### [Material for this task]
BEGIN

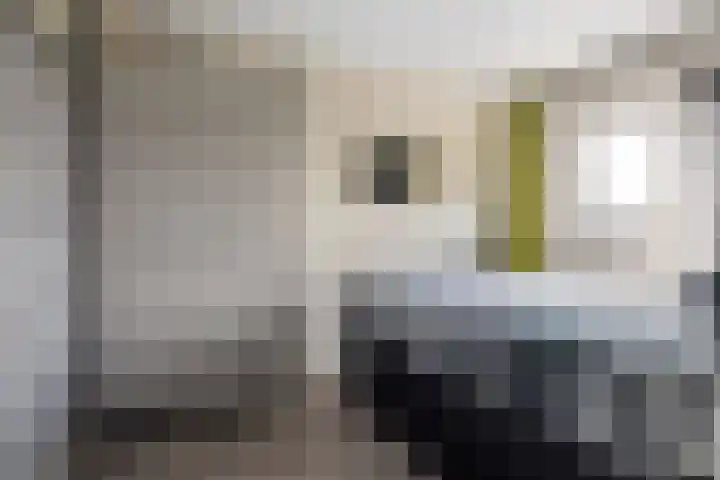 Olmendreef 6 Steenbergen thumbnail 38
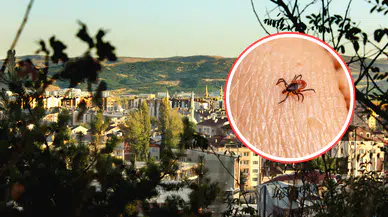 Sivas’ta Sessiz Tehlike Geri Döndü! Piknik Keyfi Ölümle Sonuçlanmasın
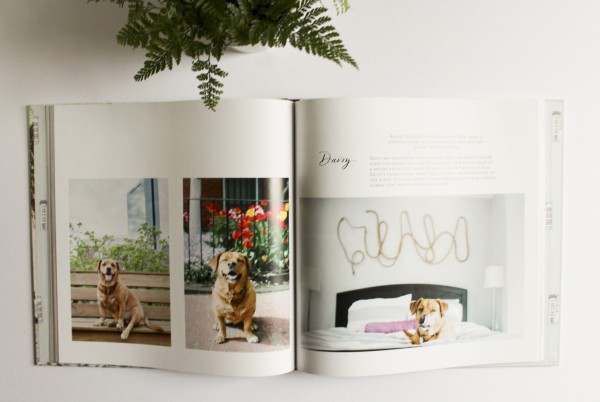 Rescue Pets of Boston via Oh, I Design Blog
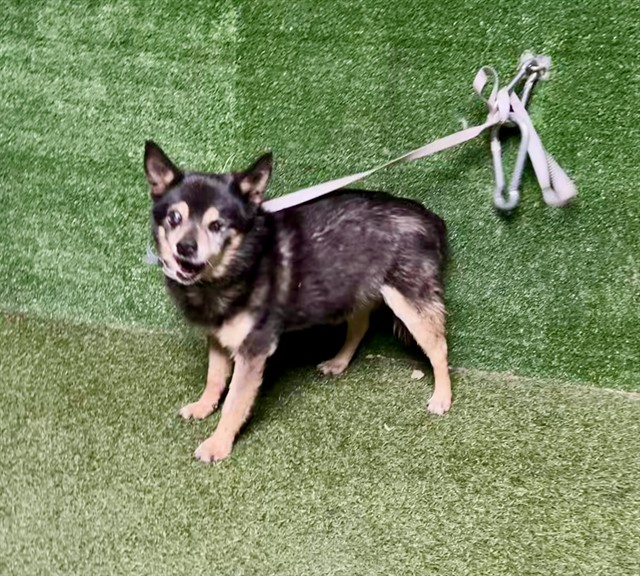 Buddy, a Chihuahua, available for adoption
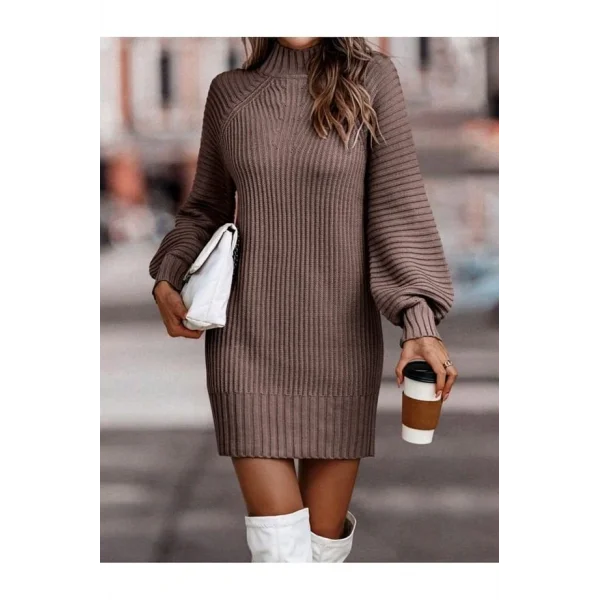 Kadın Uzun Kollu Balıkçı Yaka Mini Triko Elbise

END
BEGIN

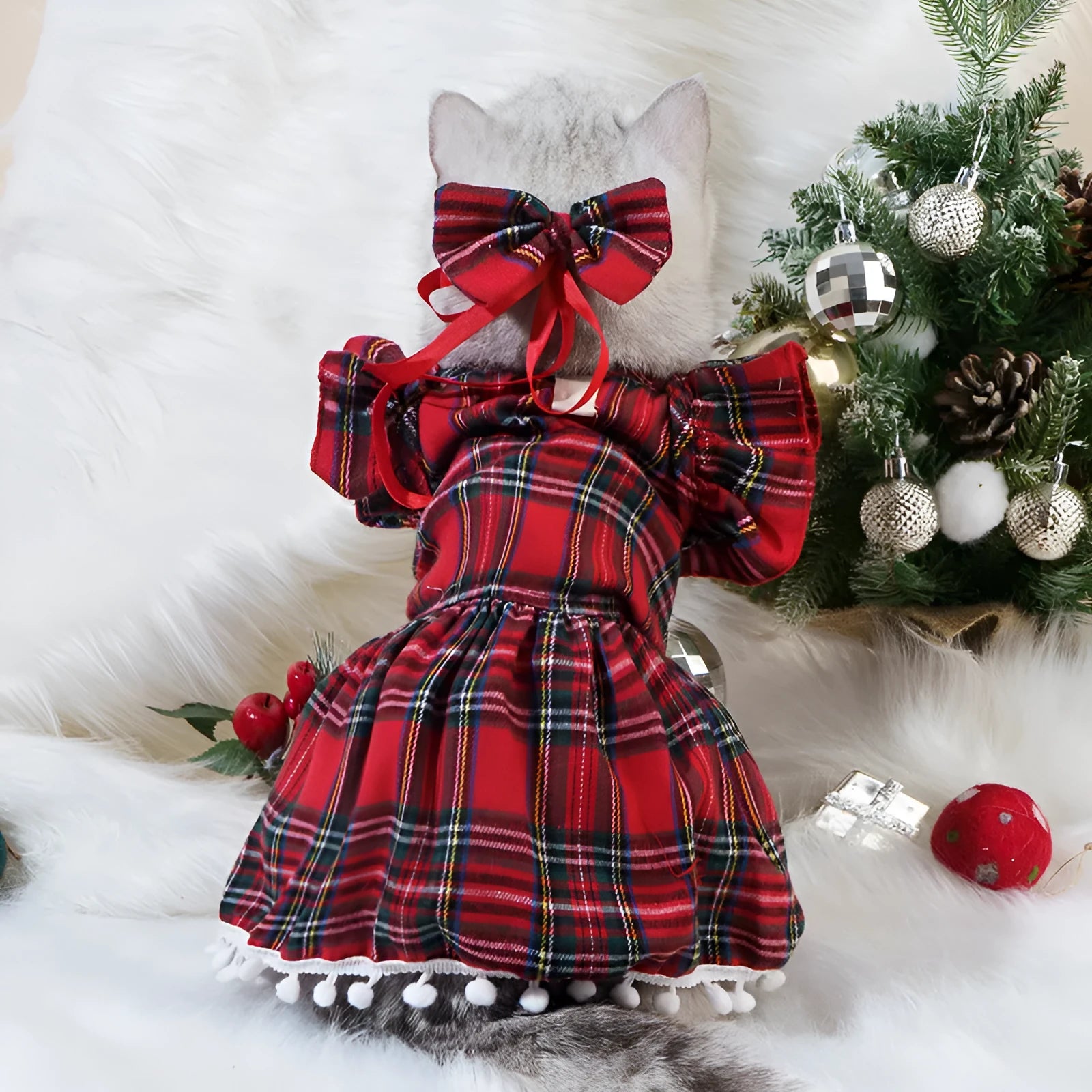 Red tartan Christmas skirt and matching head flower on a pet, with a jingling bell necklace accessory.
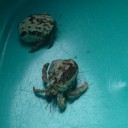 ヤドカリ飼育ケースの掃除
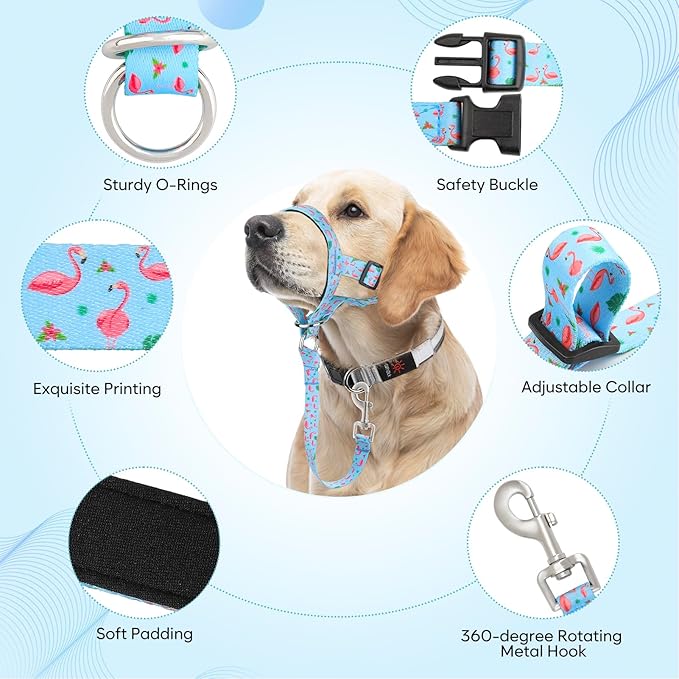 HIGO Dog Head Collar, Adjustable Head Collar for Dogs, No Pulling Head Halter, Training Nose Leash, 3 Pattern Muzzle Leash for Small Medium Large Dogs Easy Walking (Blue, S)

END

### [Exercise description]
Take the material above and output only the lines from the one that contains "Buddy, a Chihuahua, available for adoption" through the one that contains "Kadın Uzun Kollu", ends included and images left out.

### [Exercise answer]
 Buddy, a Chihuahua, available for adoption
 Kadın Uzun Kollu Balıkçı Yaka Mini Triko Elbise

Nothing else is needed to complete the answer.